Emmanuel Macron also has an election coming up, and recently found cause to pick a fight with the unvaccinated. They are an easy target: easily caricatured as selfish refuseniks, whose obstinacy is dragging down the whole country. Macron this week promised to “emmerder” (a word best left untranslated) the unjabbed. Such tough language tends to go down well, and we can expect more of it in the coming months. For politicians standing for election, the unvaccinated are a perfect punching bag.
For all of his athletic prowess, Djokovic is quite the quack: against vaccination in principle and also believing that polluted water can be purified by the power of prayer (“scientists have proven”, he once said, “that molecules in water react to our emotions”). But it seems that he was one of several unvaccinated tennis players approved for a visa to Australia via a “blind review”: if so, it’s hard to see how he qualified for special treatment. It looks more like he’s been given special mistreatment, having his visa revoked because he presents an irresistible political target.

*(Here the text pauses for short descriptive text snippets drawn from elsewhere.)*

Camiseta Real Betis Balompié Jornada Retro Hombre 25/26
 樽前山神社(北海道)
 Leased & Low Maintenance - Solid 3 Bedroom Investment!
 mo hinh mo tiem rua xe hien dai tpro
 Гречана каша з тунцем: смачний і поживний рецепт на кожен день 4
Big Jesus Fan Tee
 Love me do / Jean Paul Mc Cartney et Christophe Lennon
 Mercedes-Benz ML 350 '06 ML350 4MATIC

A few years ago, Djokovic’s health fads might have been seen as a quixotic but irrelevant personal choice. Now, vax-dodging is seen as a dangerous self-indulgence that wider society cannot afford. The world over, there’s a trend towards speaking about the unvaccinated as if they should suffer “consequences” and not have the same rights as others. Unjabbed Australians in the Northern Territory are being subjected to a four-day lockdown, for example, even though the jabbed-but-not-yet-boosted are perfectly capable of spreading omicron.
Are such policies about protecting society, or about the need to “emmerder” the new enemy within? Singapore says it won’t pay Covid medical bills for the unvaccinated. France wants to ban them from cafés, gyms and museums. Unvaccinated Canadians cannot board planes or trains. A fertility clinic in Glasgow is denying treatment to unjabbed women: more such strictures can be expected. The unjabbed take a risk: they are at least six times more likely to end up in intensive care through Covid. But it’s harder to argue (as some do) that this is a “pandemic of the unvaccinated”. Even now, the vaccinated account for just over half of Covid emergency admissions.
It’s easy to think of the unjabbed as millionaire tennis stars or middle-class conspiracy theorists like Piers Corbyn. But in Britain we have a clearer picture, being one of the very few countries to keep tabs. At the last count (December 29), they were – disproportionately – the poor, the young and ethnic minorities. Just over half of black under-30s, for example, are still not vaccinated, vs 27 per cent of whites. The poorest are three times as likely to be unjabbed as the richest.
But this is no surprise. For years studies have shown that those on the margins of society have been less likely to be vaccinated. From MMR to flu jabs, a vaccine gap has always existed and reflected socioeconomic status. Huge steps have been taken to try to close it but, for complicated reasons (often relating to trust in authority), it’s hard work. Hounding or insulting the unvaccinated – fining them, quarantining them or calling them “idiots” as Tony Blair does – is unlikely to succeed. But it certainly will succeed in alienation, deepening a sense of them and us.
As the world’s No 1 tennis player and the defending champion of the Australian Open, Djokovic can do pretty much what he wants with his life. But he’s a poor poster boy for the unvaccinated. To make them public enemies would be to make a bad situation far worse. Boris Johnson has said he’d like to “build back better” after Covid. Declining to join the global pile-on against the unvaccinated can be part of it. The vaccine gap has long presented a problem: now, perhaps, more than ever. But there are far better ways of solving it.